About this task :: In this exercise, return only the lines that run from the line with "Коты-самураи (1990)" to the end of the entries below, both included. Pictures are not copied.

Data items
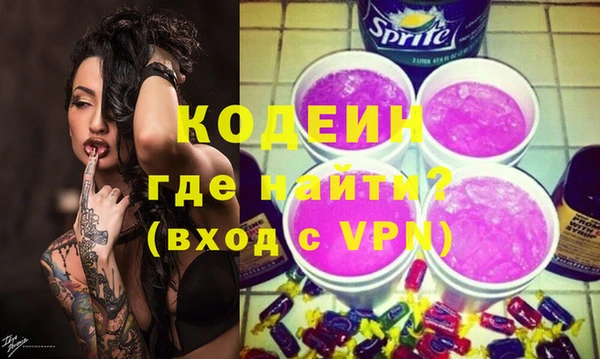 MESCALINE Абинск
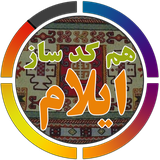 ir.boozar.ilamtelecom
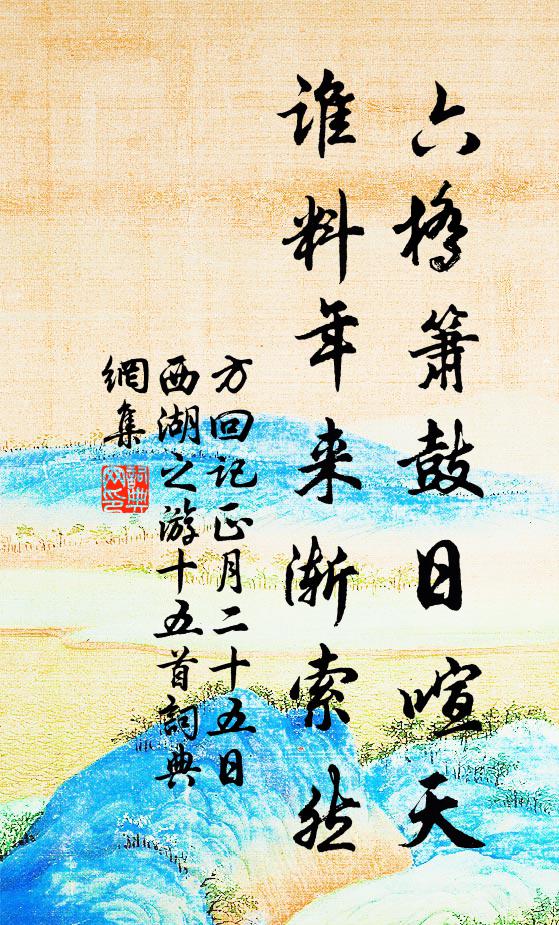 方回六桥箫鼓日喧天，谁料年来渐索然书法作品欣赏
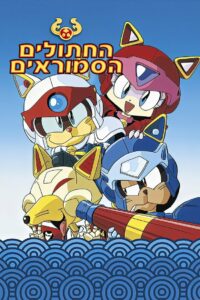 Коты-самураи (1990)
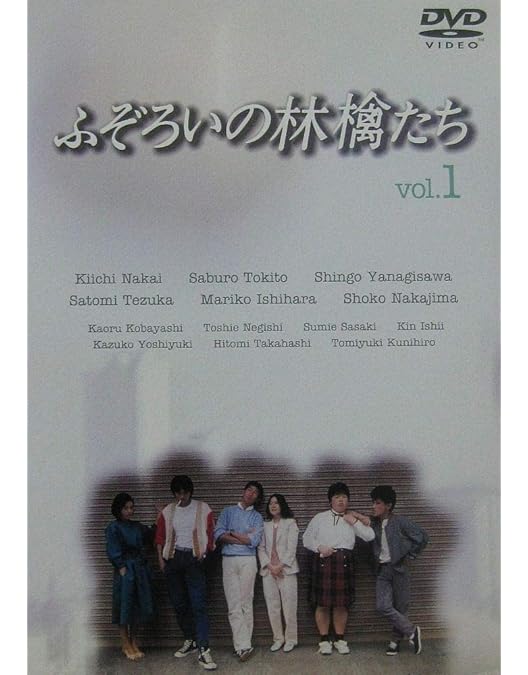 Amazon.co.jp: ふぞろいの林檎たち2 [レンタル落ち] (全5巻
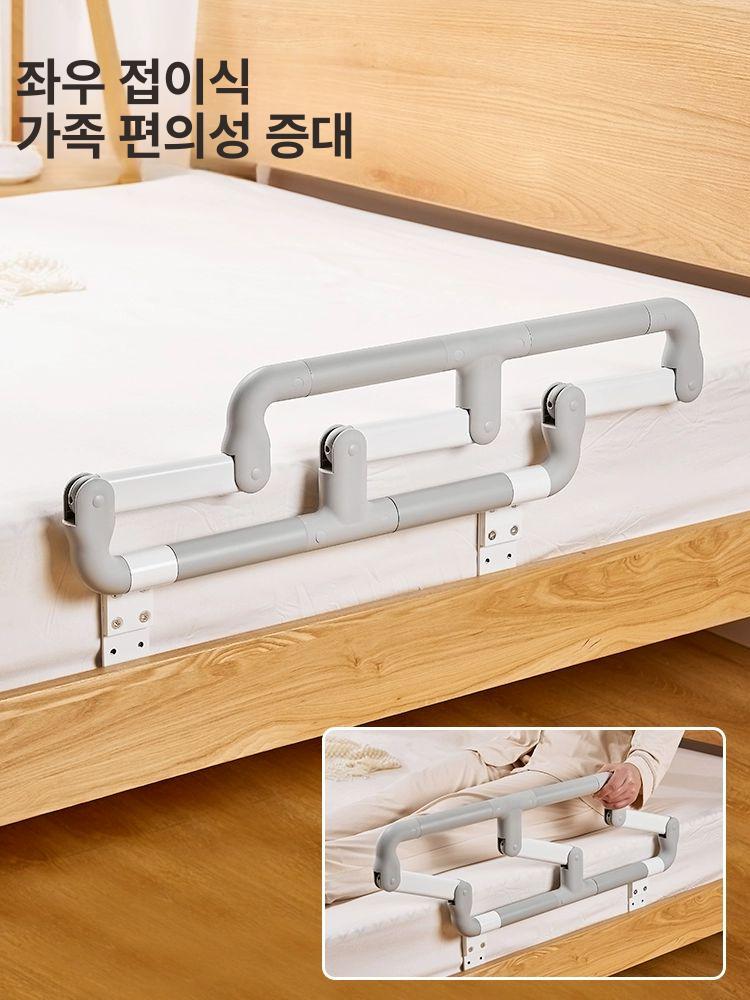 침대떨어짐방지 노인침대안전가드 어르신침대 보호대 울타리 난간 떨어짐 노인용 칸막이 방지 이미지 6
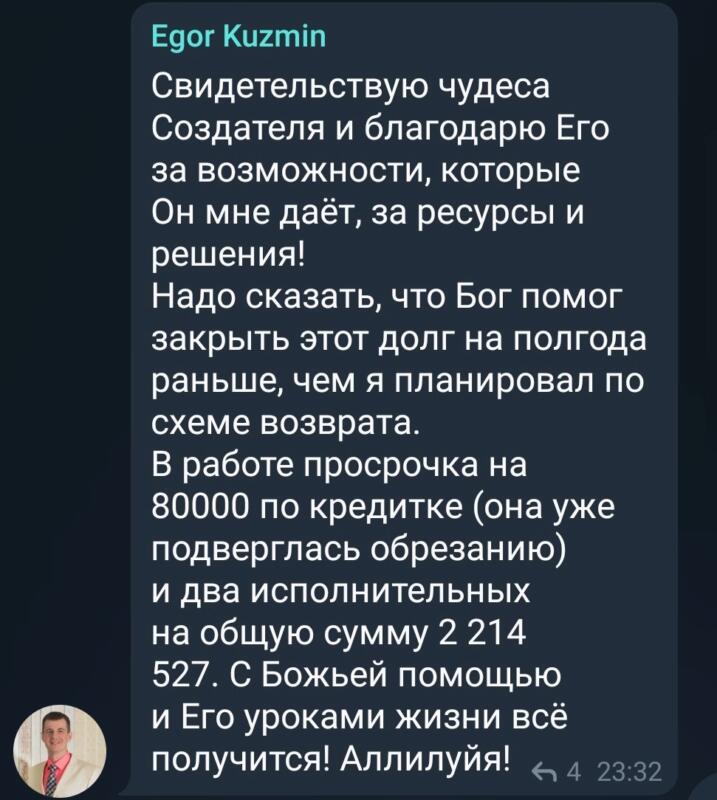 История Егора Кузьмина о закрытии долгов через веру и обучение.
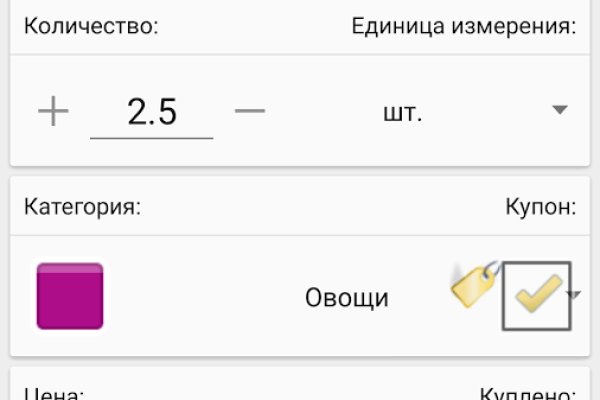 Kraken com зеркало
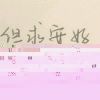 海阔天空的头像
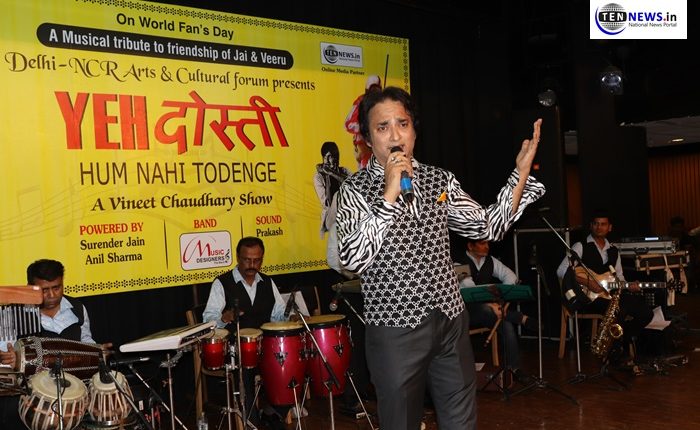 Video Highlights: A Musical Tribute to Friendship of Sholay's Jai & Veeru - Yeh Dosti Hum Nhi Todenge by Vineet Chaudhary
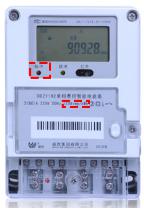 單相電表上的脈沖燈代表什么？以威勝DDZY102單相電能表簡單講解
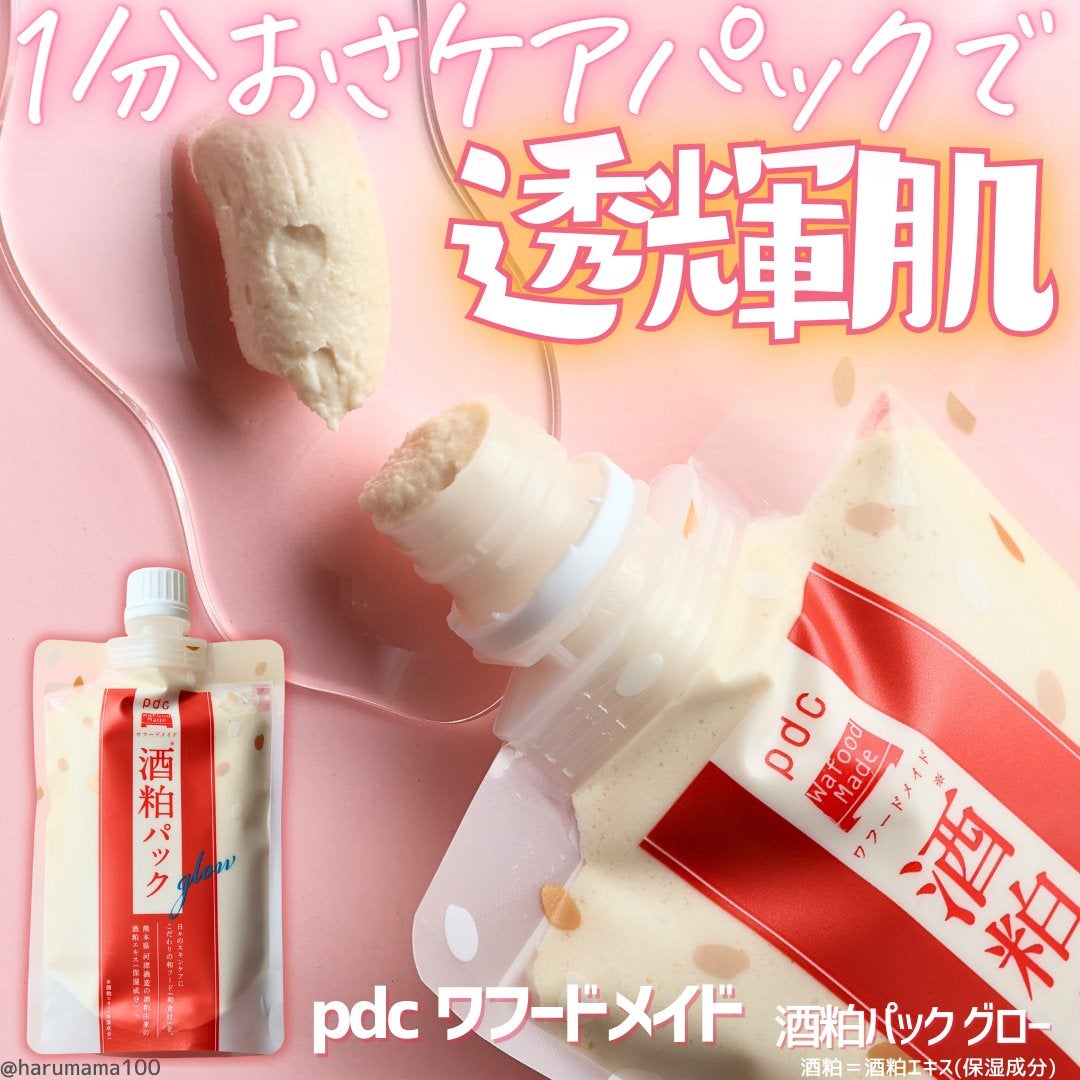 ワフードメイド 酒粕パック グロー/pdc/洗い流すパック・マスクを使ったクチコミ(1枚目)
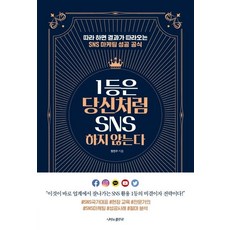 butterflyrunway 第一名不像你那樣經營社群：照著做就會有成果的社群行銷成功公式, 鄭振秀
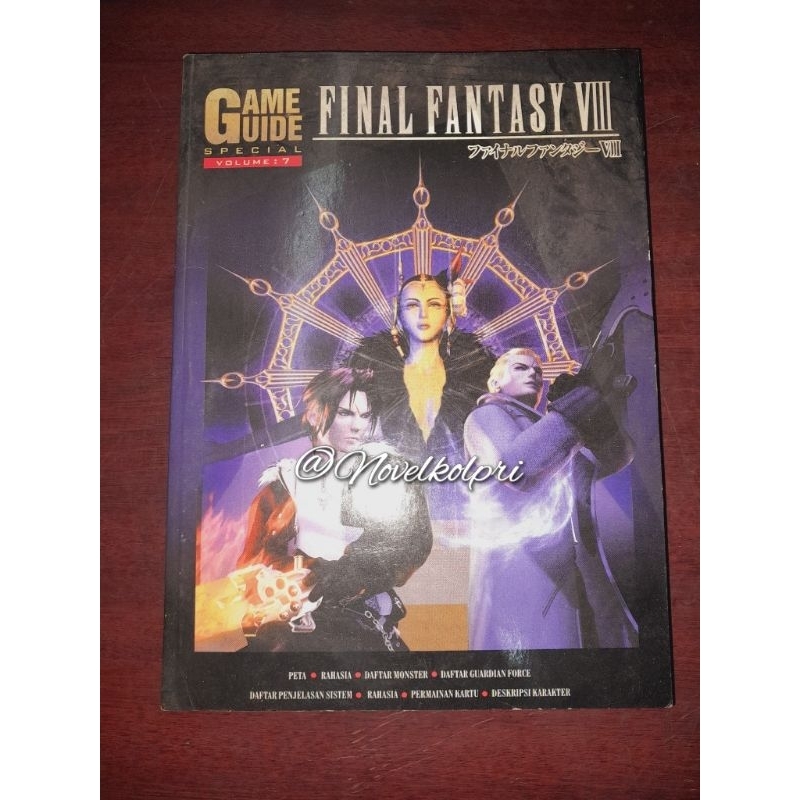 Game Guide Special Volume 7 - Final Fantasy VIII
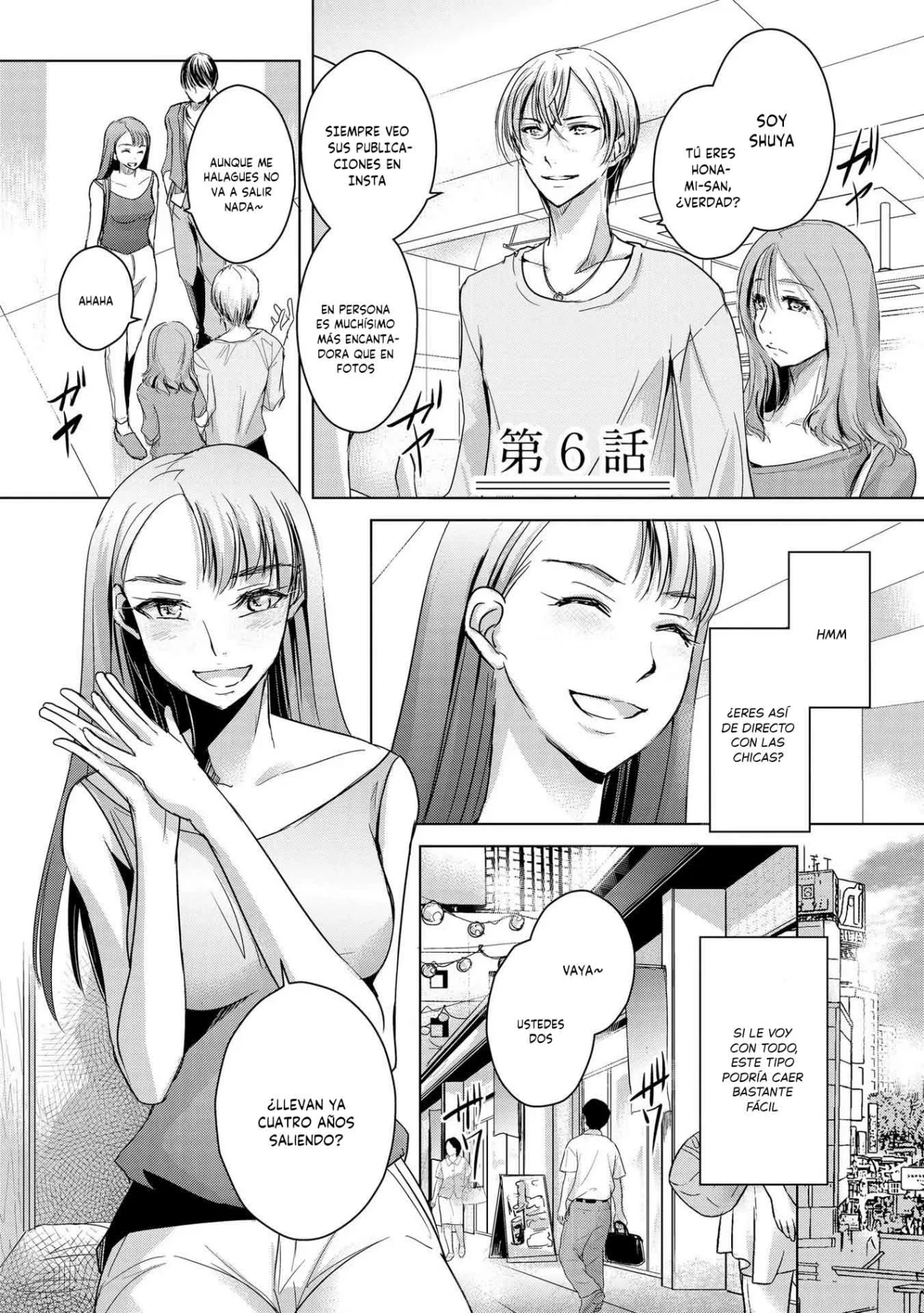 Tanin no Otoko wo Hameru no ga Shigoto desu Capítulo 6 - Page 3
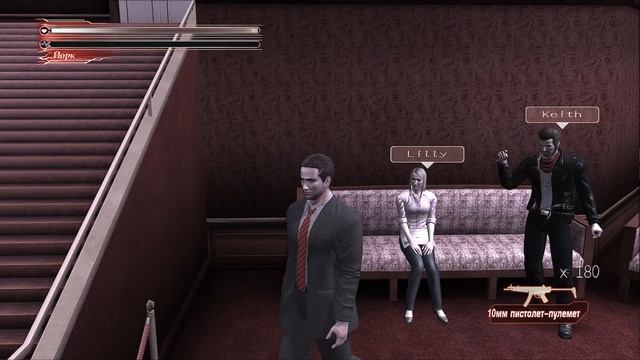 DEADLY PREMONITION. Прохождение 3. У нас городок тихий. смотреть онлайн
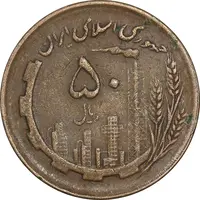 سکه 50 ریال 1362 - EF40 - جمهوری اسلامی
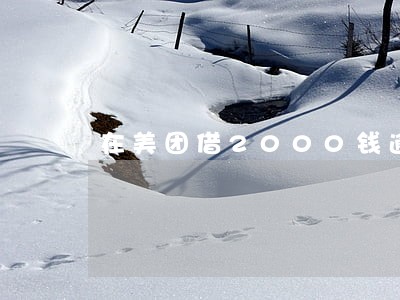 在美团借2000钱逾期了三个月 在美团借2000钱逾期了三个月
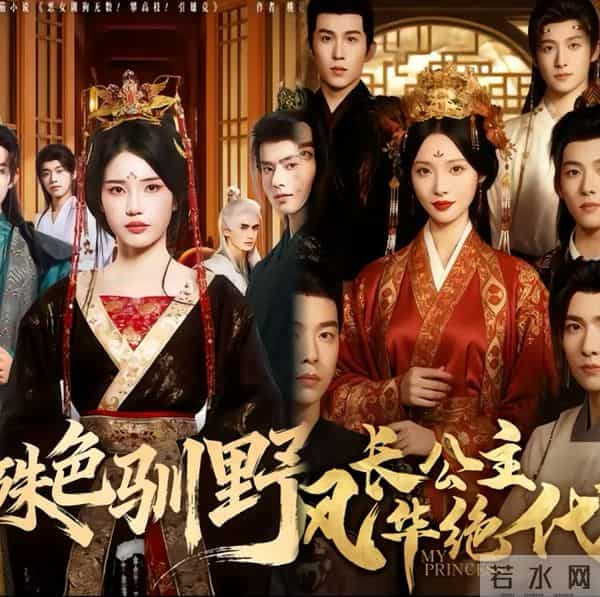 熬夜追完5部爆款短剧！反转爽点密集，每部都让你停不下来！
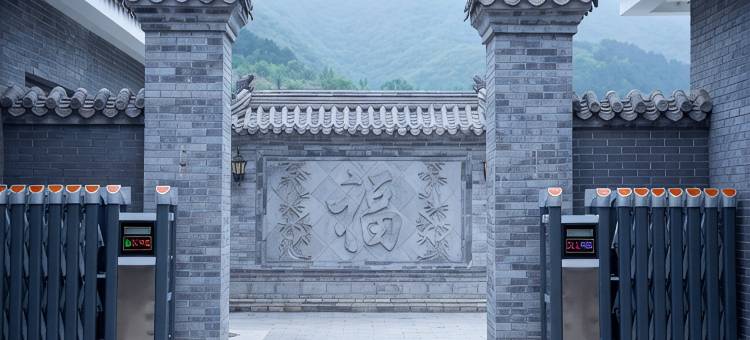 北京古堡小镇精品民宿图片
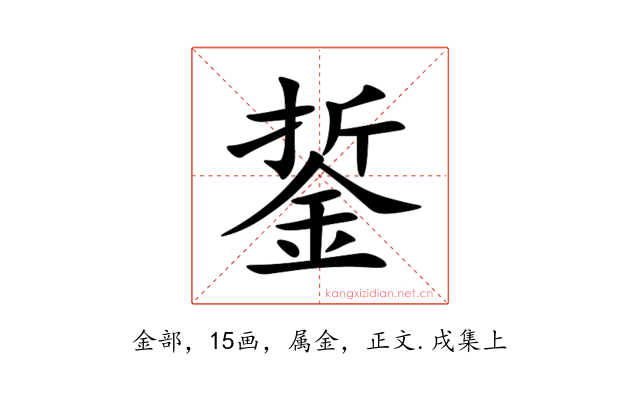 銴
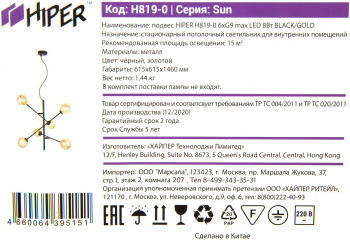 Светильник Hiper Sun  H819-0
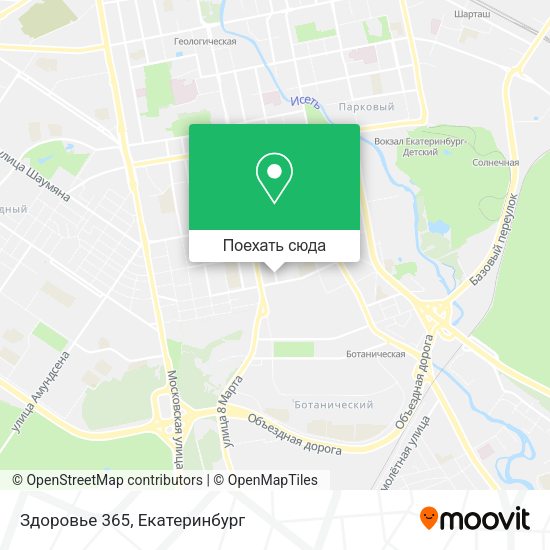 Карта Здоровье 365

Answer to this task ::
 Коты-самураи (1990)
 Amazon.co.jp: ふぞろいの林檎たち2 [レンタル落ち] (全5巻
 침대떨어짐방지 노인침대안전가드 어르신침대 보호대 울타리 난간 떨어짐 노인용 칸막이 방지 이미지 6
 История Егора Кузьмина о закрытии долгов через веру и обучение.
 Kraken com зеркало
 海阔天空的头像
 Video Highlights: A Musical Tribute to Friendship of Sholay's Jai & Veeru - Yeh Dosti Hum Nhi Todenge by Vineet Chaudhary
 單相電表上的脈沖燈代表什么？以威勝DDZY102單相電能表簡單講解
 ワフードメイド 酒粕パック グロー/pdc/洗い流すパック・マスクを使ったクチコミ(1枚目)
 butterflyrunway 第一名不像你那樣經營社群：照著做就會有成果的社群行銷成功公式, 鄭振秀
 Game Guide Special Volume 7 - Final Fantasy VIII
 Tanin no Otoko wo Hameru no ga Shigoto desu Capítulo 6 - Page 3
 DEADLY PREMONITION. Прохождение 3. У нас городок тихий. смотреть онлайн
 سکه 50 ریال 1362 - EF40 - جمهوری اسلامی
 在美团借2000钱逾期了三个月 在美团借2000钱逾期了三个月
 熬夜追完5部爆款短剧！反转爽点密集，每部都让你停不下来！
 北京古堡小镇精品民宿图片
 銴
 Светильник Hiper Sun  H819-0
 Карта Здоровье 365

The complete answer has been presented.